Anderson Cooper When Chris Brown’s fight with Frank Ocean lands him on Cooper’s “Ridicu-list” tonight, Chris Brown books a redeye flight to NYC, cabs it from JFK to the CNN offices at Columbus Circle and the two fight on set. Wolf Blitzer takes a chair to the face just before Candy Crowley and the hologram of Will.i.Am break up the scuffle. Dr. Sanjay Gupta patches up everyone’s wounds. Erin Burnett says something stupid. The bald guy who talks money assesses the damage done to the studio and how much it will cost. Piers Morgan suffers massive head trauma, and dies. No one seems to mind.
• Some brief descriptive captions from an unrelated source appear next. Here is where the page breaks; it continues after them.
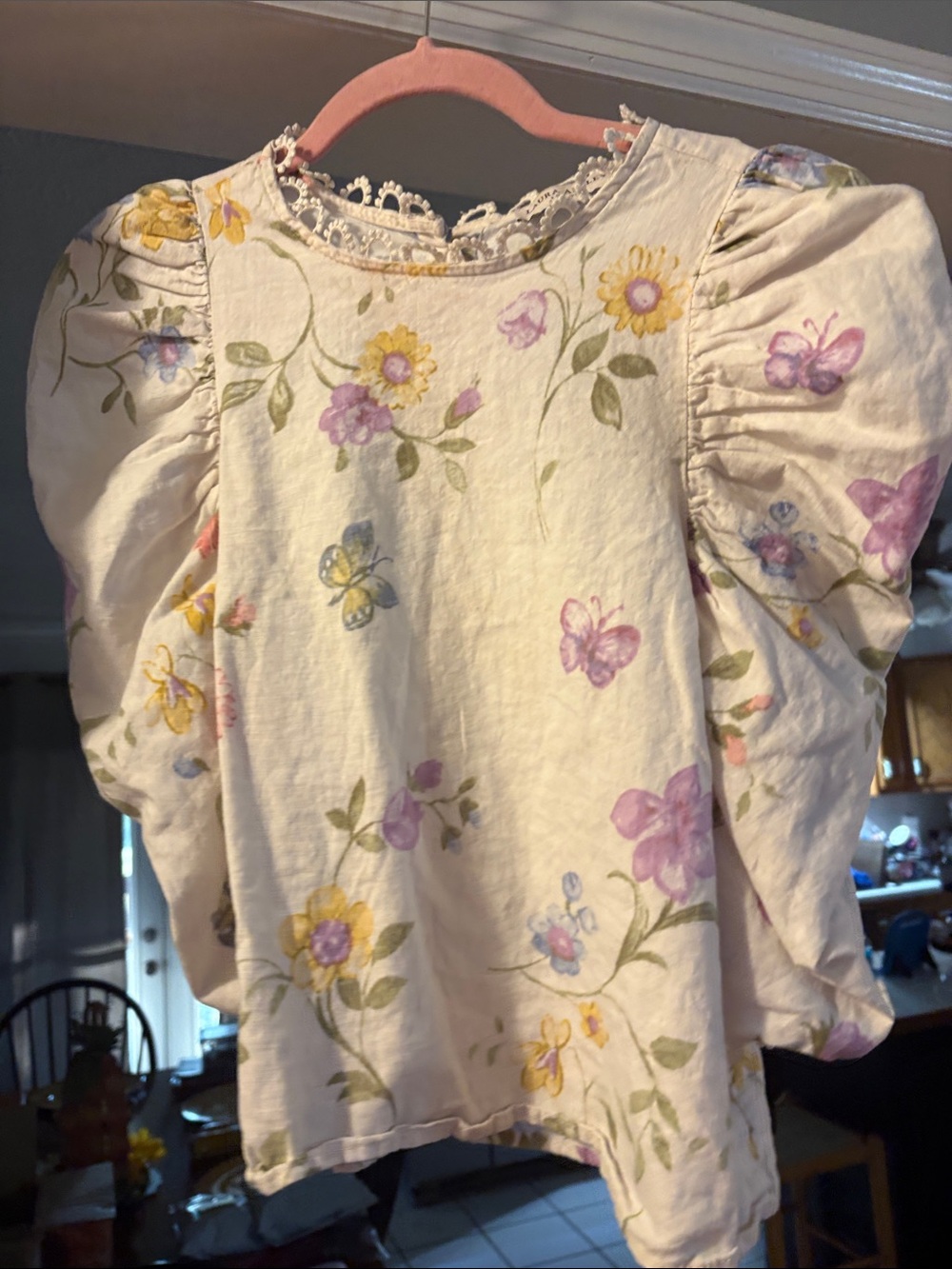 Laura Ashley Cream Floral Puff-Sleeve top with Pastel Butterflies small
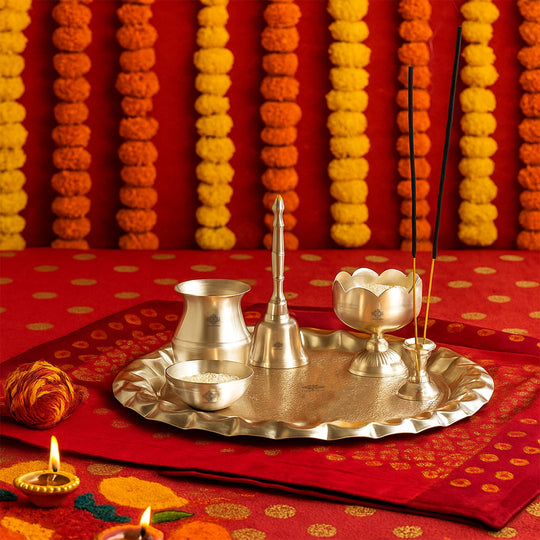 Silver Plated Pooja Thali With Embossed Design Set Of Five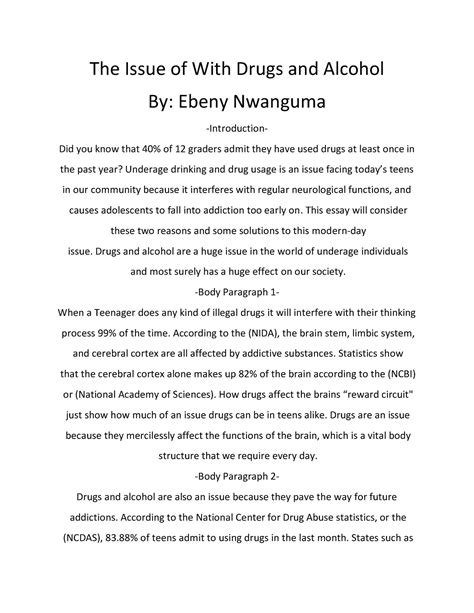 The issue of drugs and alcohol - reaserch essay - The Issue of With ...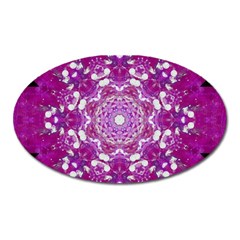 Wonderful Star Flower Painted On Canvas Oval Magnet by pepitasart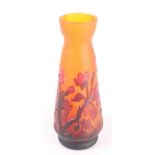 A late 20th Century slender Galle Tip vase with floral decoration in brown and pink, 6" high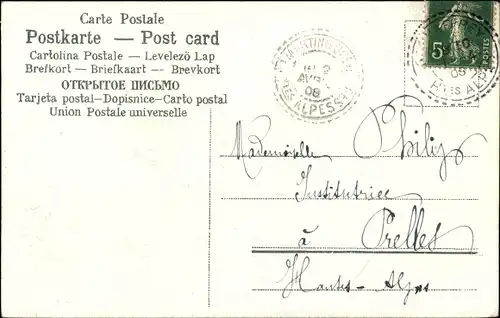 Präge Ak 1.April, Ier Avril, Blumen, Fisch mit Umschlag, Souvenir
Frank Ocean and Drake: both sensitive, introspective men who are more lover than fighter. These are the types of guys Chris Brown likes to start fights with. Dude isn’t fighting Rampage Jackson over a parking space or breaking champagne bottles over the heads of Suge Knight and his boys. The only things Chris Brown requires of those he fights are that they’re 1) Perceived as being weaker 2) Outnumbered or 3) Higher up on the charts or 4) In front of him. Eric Benet doesn’t meet the third criteria, but has 1) and 2) in abundance. That he has no entourage whatsoever means he’s in deep shit next time he becomes 4) and he and Chris Brown find themselves at Vons in Los Angeles grabbing the last can of Progresso Creamy Tomato Basil on the shelf, which both love.
NeNe Leaks of Real Housewives of AtlantaA one-time victim of domestic abuse, NeNe Leakes does a lot of charity work for the issue, even played for a domestic violence charity while on Celebrity Apprentice. She talks often about domestic abuse on red carpets and on Real Housewives of Atlanta, and over time Chris Brown begins to believe she’s taking subtle pot shots at him. One day, while on the set of Glee to confront the cast for not dedicating an episode to his work, Brown sees NeNe, and things become violent.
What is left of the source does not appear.